▶
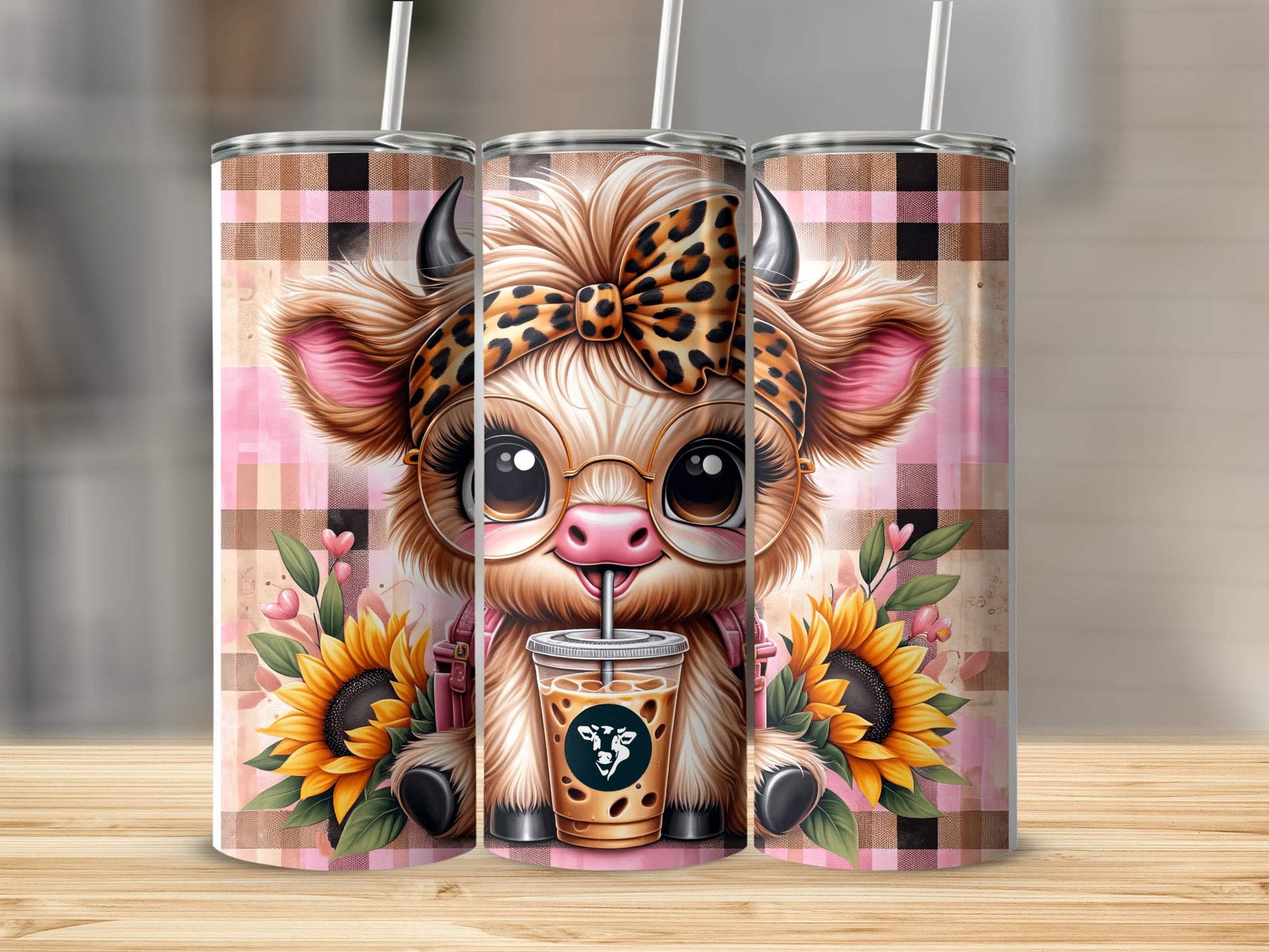 Cute cartoon cow with glasses holding a coffee cup, surrounded by sunflowers.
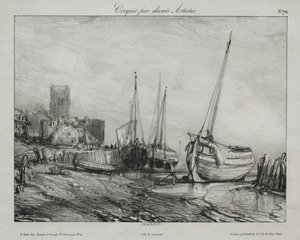 Fishing Boats along the Beach by Francis Seymour Haden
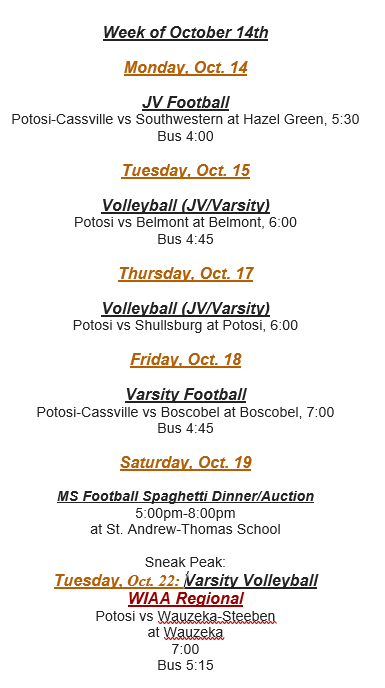 Activities-Oct 14 Week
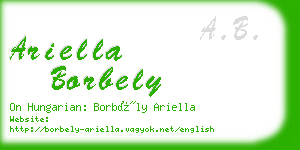 ariella borbely business card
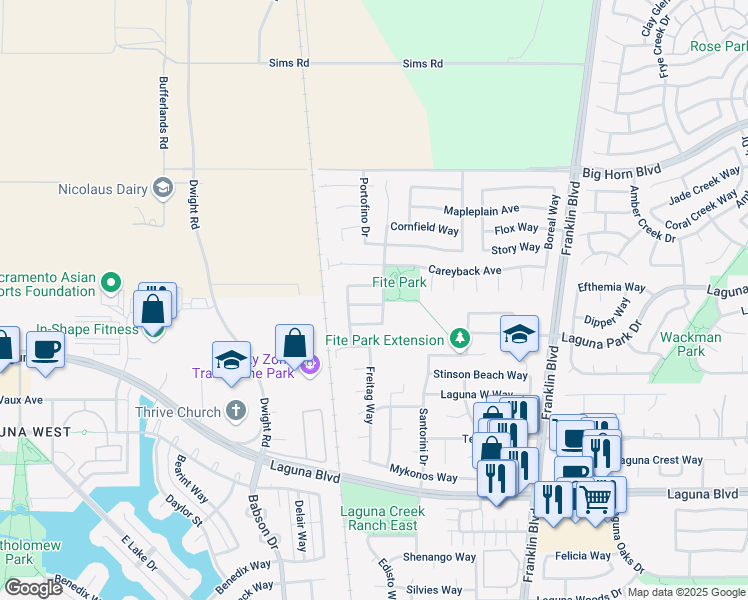 map of restaurants, bars, coffee shops, grocery stores, and more near 9009 Testerman Way in Elk Grove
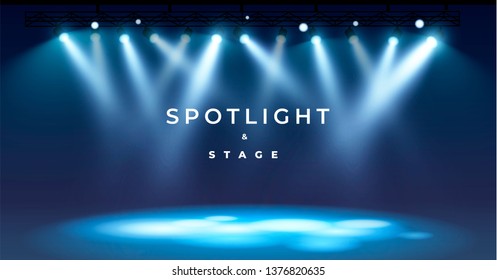 Spotlights & empty scene. Illuminated design. Vector illustration.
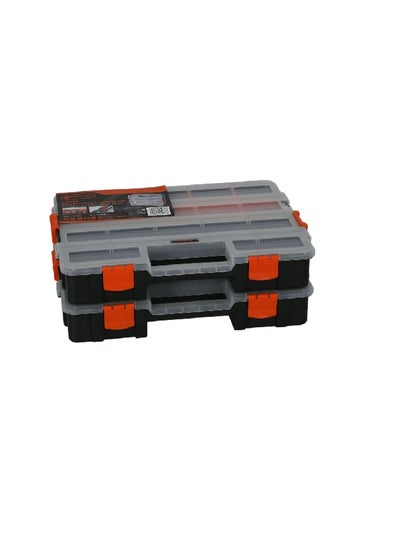 Buy 2-Piece Multi-Compartment Interlocking Tool Organisers Black and Orange 6.6 x 37.4 x 29.4 cm 320034 in Saudi Arabia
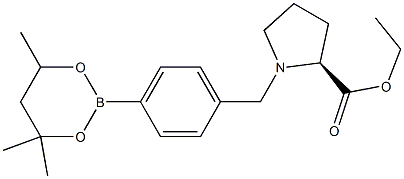 Ethyl 1-[4-(4,4,6-trimethyl-1,3,2-dioxaborinan-2-yl)benzyl]prolinate 结构式
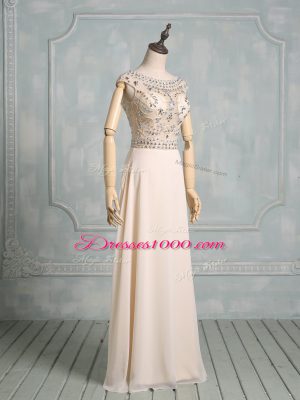 Popular Champagne Empire Chiffon Scoop Cap Sleeves Beading Floor Length Backless Prom Party Dress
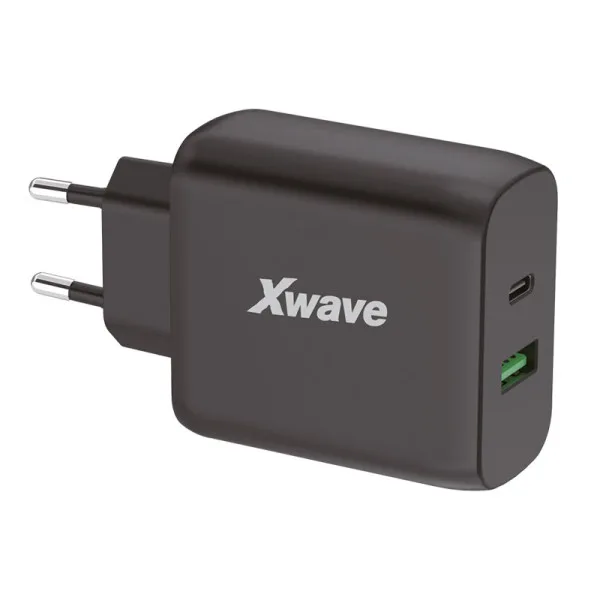 Xwave GaN65w-AC  GaN ultra-brzi punjač 65W USB-A + USB-C , za mobilne,tablete, Crni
◀
**Instructions for the task**
Exact lines, nothing more: output the one with "Activities-Oct 14 Week" and every later line through the end of the data, skipping pictures.

**Result of the task**
 Activities-Oct 14 Week
 ariella borbely business card
 map of restaurants, bars, coffee shops, grocery stores, and more near 9009 Testerman Way in Elk Grove
 Spotlights & empty scene. Illuminated design. Vector illustration.
 Buy 2-Piece Multi-Compartment Interlocking Tool Organisers Black and Orange 6.6 x 37.4 x 29.4 cm 320034 in Saudi Arabia
 Ethyl 1-[4-(4,4,6-trimethyl-1,3,2-dioxaborinan-2-yl)benzyl]prolinate 结构式
 Popular Champagne Empire Chiffon Scoop Cap Sleeves Beading Floor Length Backless Prom Party Dress
 Xwave GaN65w-AC  GaN ultra-brzi punjač 65W USB-A + USB-C , za mobilne,tablete, Crni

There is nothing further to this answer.